## [Assignment]
Pictures stay out of this copy, which runs from the first line of the material through the line containing "250. adás: A".
#### Dataset extract
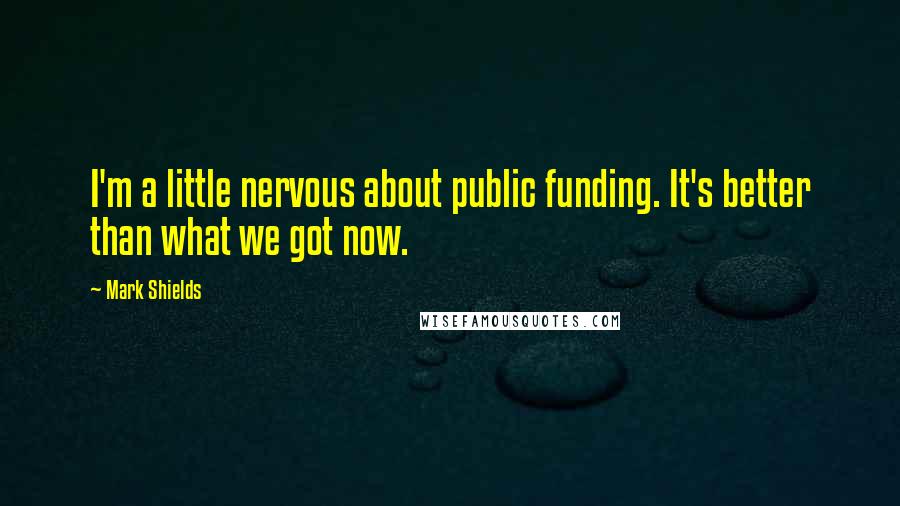 Mark Shields Quotes: I'm a little nervous about public funding. It's better than what we got now.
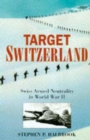 Target Switzerland : Swiss Armed Neutrality in World War II - Book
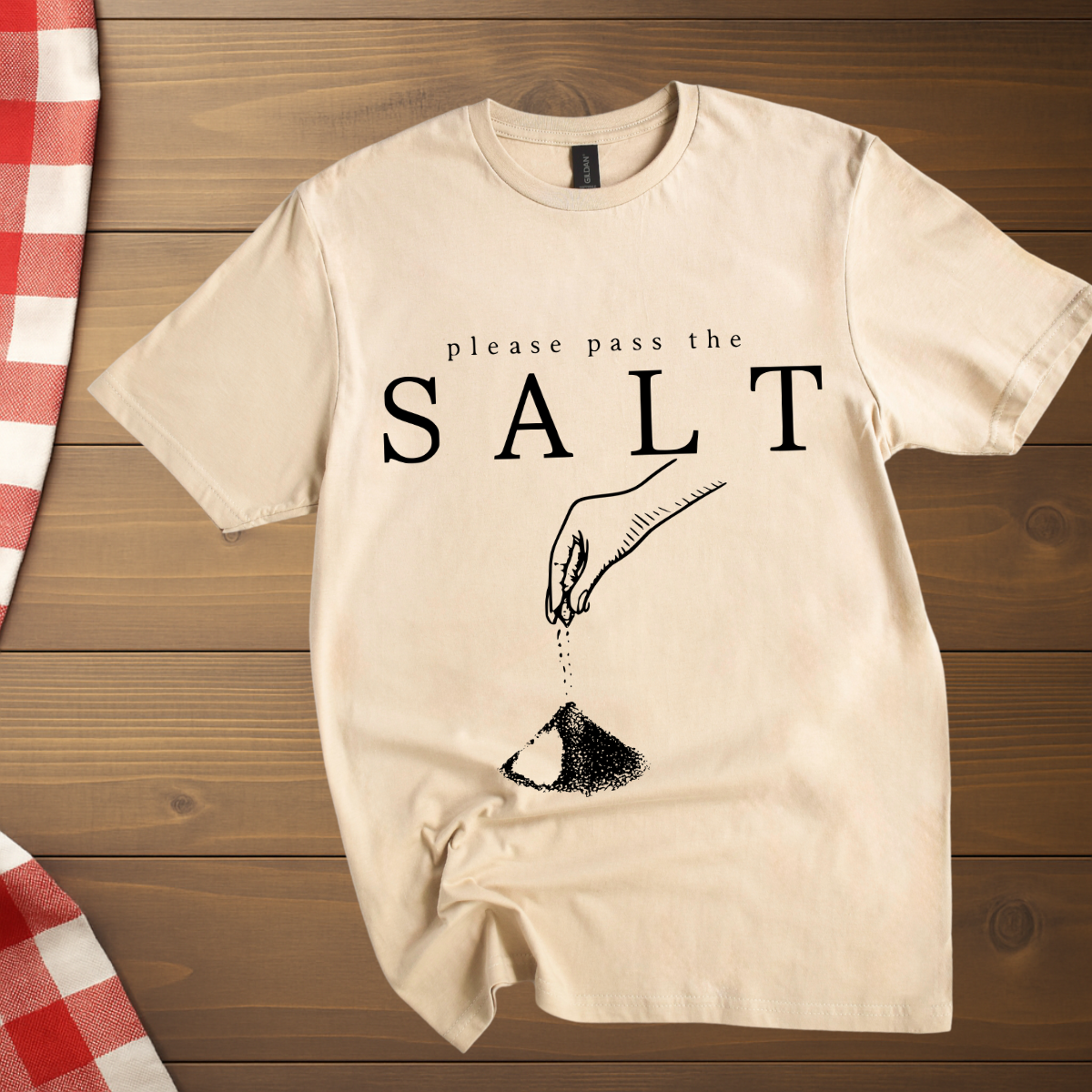 Please pass the salt T-Shirt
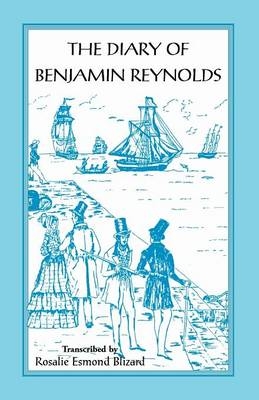 The Diary of Benjamin Reynolds - Benjamin Reynolds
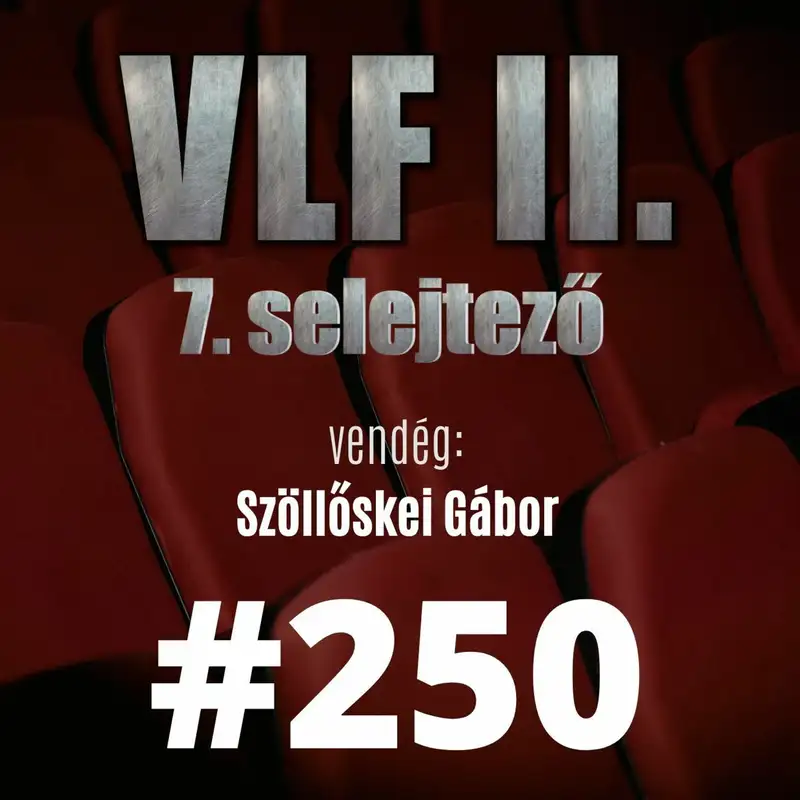 250. adás: A világ legjobb filmje II. - 7. selejtező (vendég: Szöllőskei Gábor)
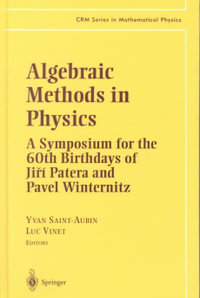 Algebraic Methods in Physics : A Symposium for the 60th Birthday of Jiiri Patera and Pavel Winternitz : A Symposium for the 60th Birthday of Jiiri Patera and Pavel Winternitz - Yvan Saint-Aubin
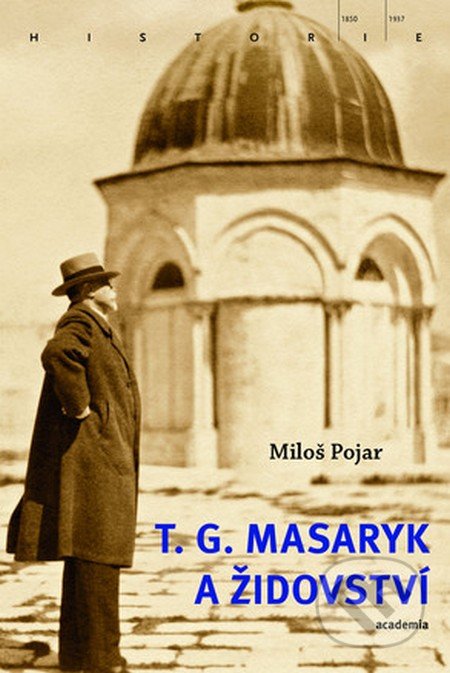 T.G. Masaryk a židovství-Miloš Pojar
########
## [Answer space]
 Mark Shields Quotes: I'm a little nervous about public funding. It's better than what we got now.
 Target Switzerland : Swiss Armed Neutrality in World War II - Book
 Please pass the salt T-Shirt
 The Diary of Benjamin Reynolds - Benjamin Reynolds
 250. adás: A világ legjobb filmje II. - 7. selejtező (vendég: Szöllőskei Gábor)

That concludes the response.